◆ Exercise
The answer must be the full listing, word for word, with no pictures in it.

◆ Material for this exercise
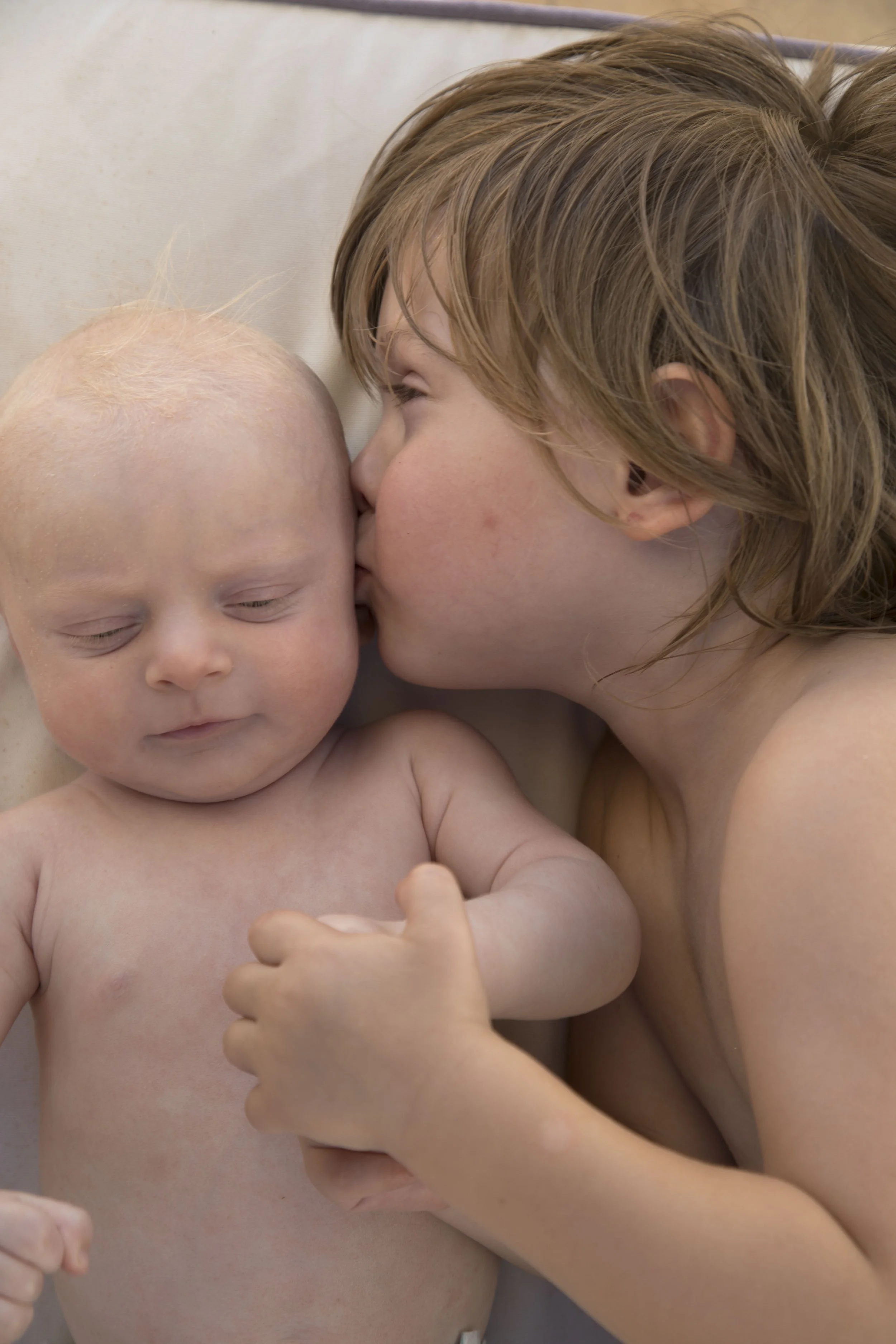 Young baby with an older sibling kissing his cheek after allergy symptoms had improved.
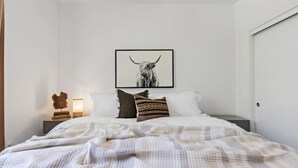 A bedroom with a bed, pillows, a framed picture, a nightstand, and a wall-mounted lamp. - Gardenia at Evergreen | A Stylish Flat In Downtown RDD (Redding)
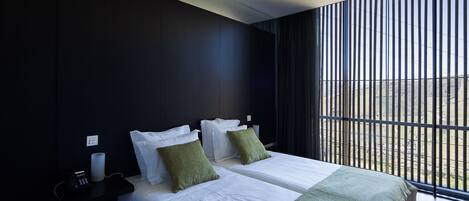 A modern hotel room with two beds, a nightstand, a lamp, and a window with vertical blinds.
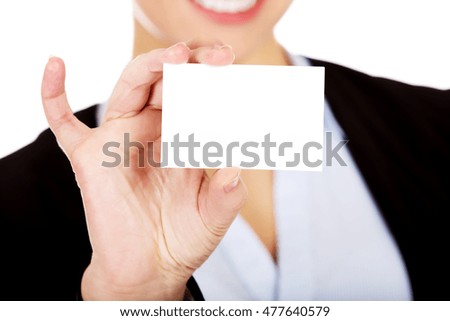 Young business woman holding small empty paper card 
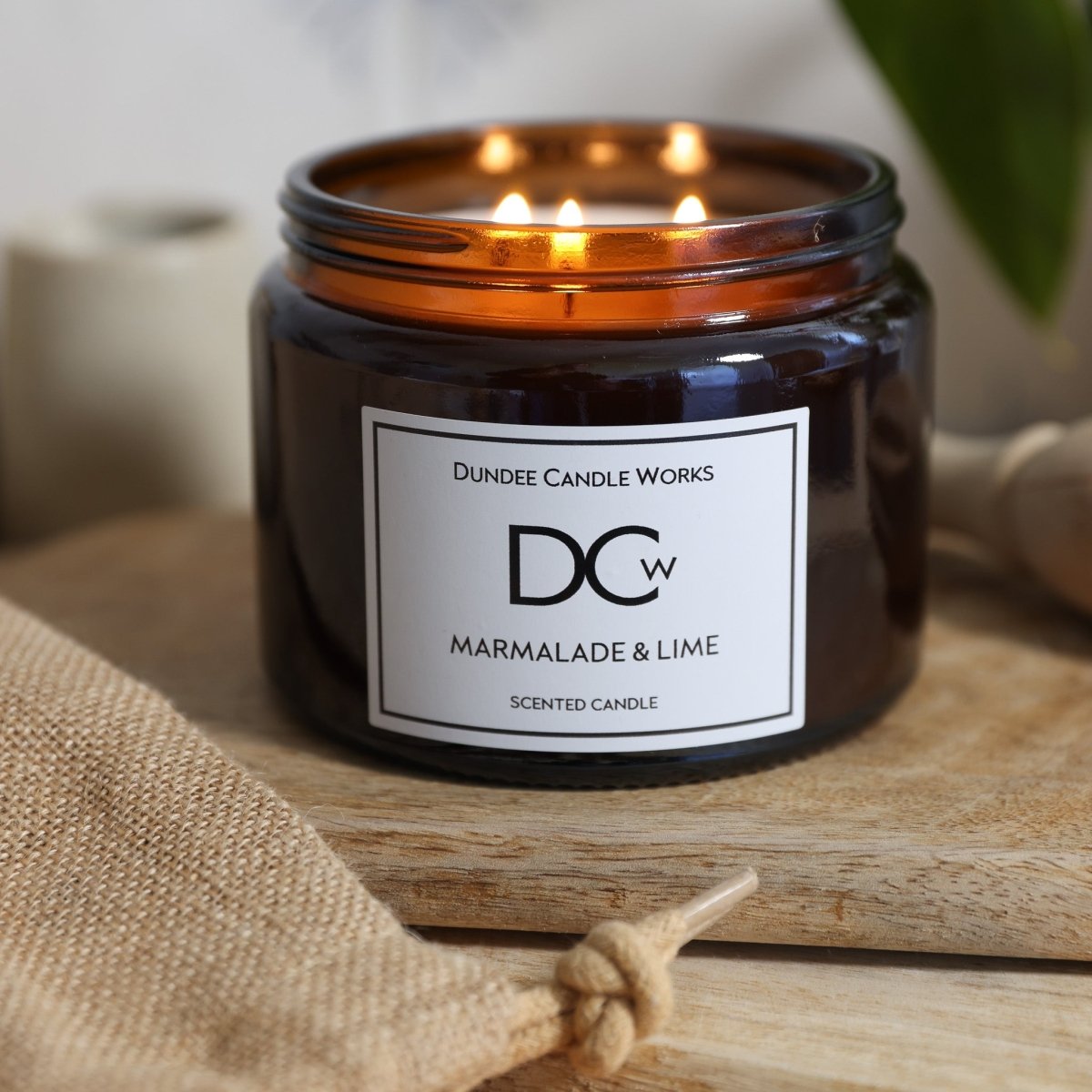 A lit amber glass jar candle from Dundee Candle Works, labeled 'Marmalade & Lime', resting on a wooden surface with a jute bag nearby.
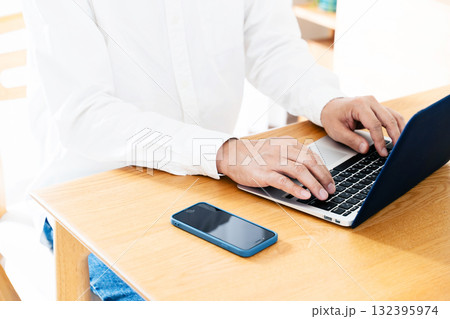 スマホを操作する男性の手元 132395974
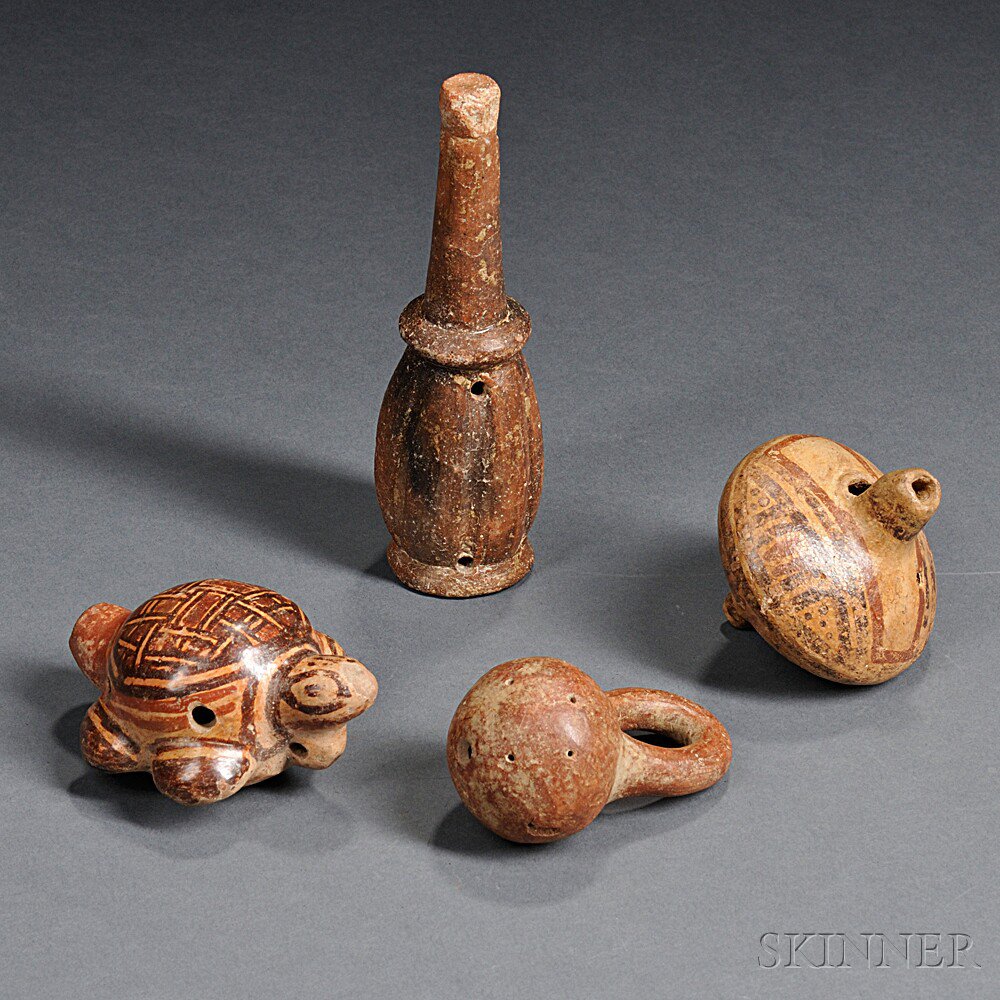 Appraisal: Four Pre-Columbian Pottery Musical Instruments two polychrome ocarinas from Costa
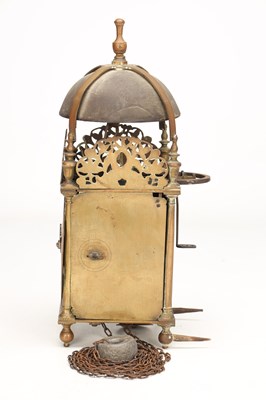 Lot HUMPHREY BANNISTER, CROYDON. A CHARLES II BRASS STRIKING LANTERN CLOCK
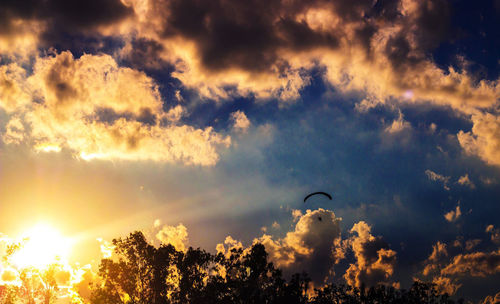 Low angle view of sun shining through clouds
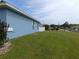 Exterior of a house with a large, green lawn and a partial view of a white fence at 2909 Ne 25Th St, Ocala, FL 34470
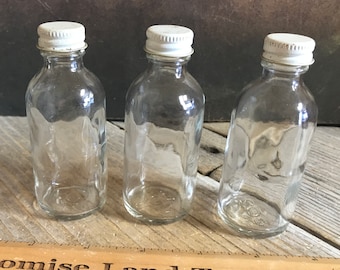 Könnte beinhalten: Drei klare Glasflaschen mit weißen Metallkappen. Die Flaschen sind zylindrisch mit leicht strukturierter Oberfläche. Ein Holzlineal mit dem Text "Promise Land Tannery" befindet sich im Vordergrund.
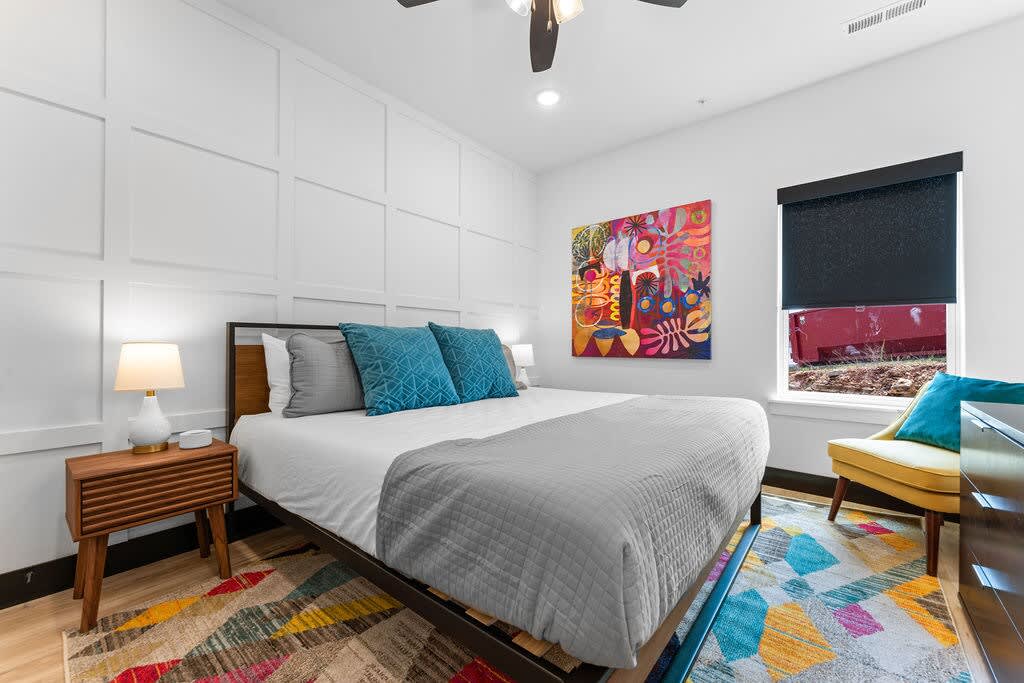 ...or is THIS your favorite room?  Another king bed, white noise machine, and more beautiful colors, with an attached full bathroom.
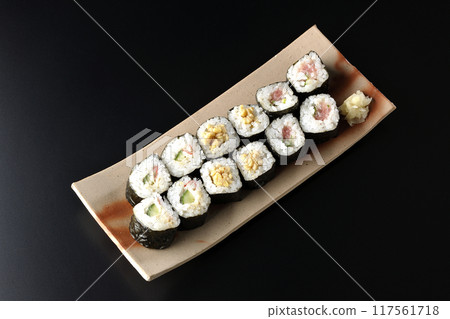 Assorted sushi rolls photographed against a black background Assorted sushi rolls photographed against a black background 117561718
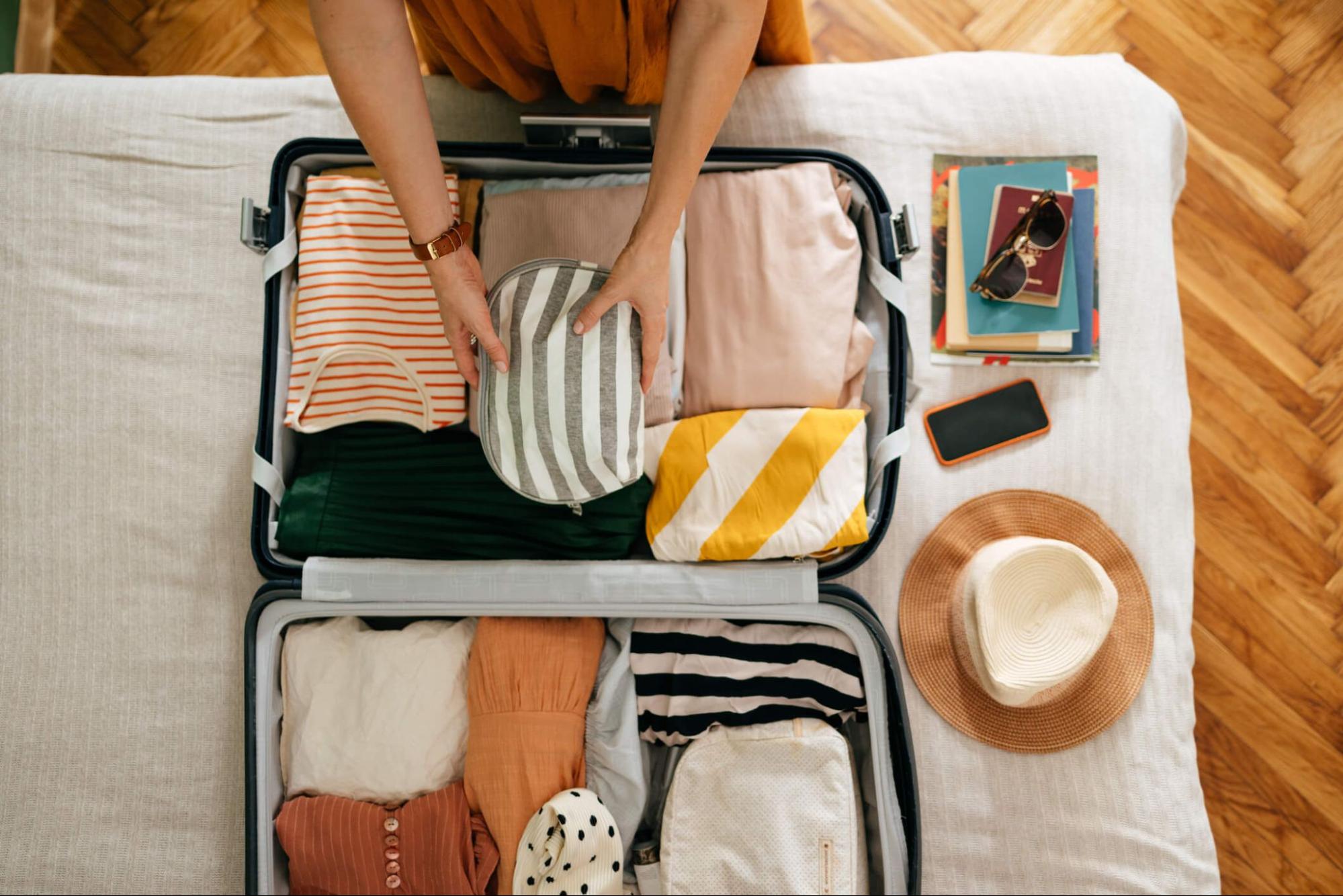 How to pack sunglasses for travel inside an organized suitcase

◆ Solution for this problem
 Young baby with an older sibling kissing his cheek after allergy symptoms had improved.
 A bedroom with a bed, pillows, a framed picture, a nightstand, and a wall-mounted lamp. - Gardenia at Evergreen | A Stylish Flat In Downtown RDD (Redding)
 A modern hotel room with two beds, a nightstand, a lamp, and a window with vertical blinds.
 Young business woman holding small empty paper card 
 A lit amber glass jar candle from Dundee Candle Works, labeled 'Marmalade & Lime', resting on a wooden surface with a jute bag nearby.
 スマホを操作する男性の手元 132395974
 Appraisal: Four Pre-Columbian Pottery Musical Instruments two polychrome ocarinas from Costa
 Lot HUMPHREY BANNISTER, CROYDON. A CHARLES II BRASS STRIKING LANTERN CLOCK
 Low angle view of sun shining through clouds
 Exterior of a house with a large, green lawn and a partial view of a white fence at 2909 Ne 25Th St, Ocala, FL 34470
 Könnte beinhalten: Drei klare Glasflaschen mit weißen Metallkappen. Die Flaschen sind zylindrisch mit leicht strukturierter Oberfläche. Ein Holzlineal mit dem Text "Promise Land Tannery" befindet sich im Vordergrund.
 ...or is THIS your favorite room?  Another king bed, white noise machine, and more beautiful colors, with an attached full bathroom.
 Assorted sushi rolls photographed against a black background Assorted sushi rolls photographed against a black background 117561718
 How to pack sunglasses for travel inside an organized suitcase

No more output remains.